Time series

EC 421, Set 7

Prologue

Schedule

Last Time

Asymptotics, probability limits, and consistency

Today

Time series

Soon

Problem set and midterm

Asymptotics and consistency

Review

Asymptotics and consistency

Review

  1. Compare/contrast the concepts expected value and probability limit.

  2. What does it mean if the estimator \(\hat{\theta}\) is consistent for \(\theta\)?

  3. What is required for an omitted variable to bias OLS estimates of \(\beta_j\)?

  4. Does omitted-variable bias affect the consistency of OLS for \(\beta_j\)?

  5. What can we know about the direction of omitted-variable bias?

  6. How does measurement error in an explanatory variable affect the OLS estimate for that variable’s effect on the outcome variable?

  7. How does measurement error in an outcome variable affect OLS?

Time-series data

Time-series data

Introduction

Up to this point, we focused on cross-sectional data.

  • Sampled across a population (e.g., people, counties, countries).
  • Sampled at one moment in time (e.g., Jan. 1, 2015).
  • We had \(n\) individuals, each indexed \(i\) in \(\left\{1,\,\ldots,\, n \right\}\).

Today, we focus on a different type of data: time-series data.

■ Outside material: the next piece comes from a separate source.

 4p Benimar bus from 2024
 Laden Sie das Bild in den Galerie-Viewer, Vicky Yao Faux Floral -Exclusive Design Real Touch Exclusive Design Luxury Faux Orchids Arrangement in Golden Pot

  • Sampled within one unit/individual (e.g., Oregon).
  • Observe multiple times for the same unit (e.g., Oregon: 1990–2020).
  • We have \(\textcolor{#e64173}{T}\) time periods, each indexed \(t\) in \(\left\{1,\,\ldots,\, T \right\}\).

US monthly births, 1933–2015: Classic time-series graph

US monthly births, 1933–2015: Newfangled time-series graph

US monthly births per 30 days, 1933–2015: Newfangled time-series graph

Time-series models

Time-series models

Introduction

Our model now looks something like

\[ \begin{align} \text{Births}_t = \beta_0 + \beta_1 \text{Income}_t + u_t \end{align} \]

or perhaps

\[ \begin{align} \text{Births}_t = \beta_0 + \beta_1 \text{Income}_t + \beta_2 \textcolor{#e64173}{\text{Income}_{t-1}} + u_t \end{align} \]

maybe even

\[ \begin{align} \text{Births}_t = \beta_0 + \beta_1 \text{Income}_t + \textcolor{#e64173}{\beta_2 \text{Income}_{t-1}} + \beta_3 \textcolor{#6A5ACD}{\text{Births}_{t-1}} + u_t \end{align} \]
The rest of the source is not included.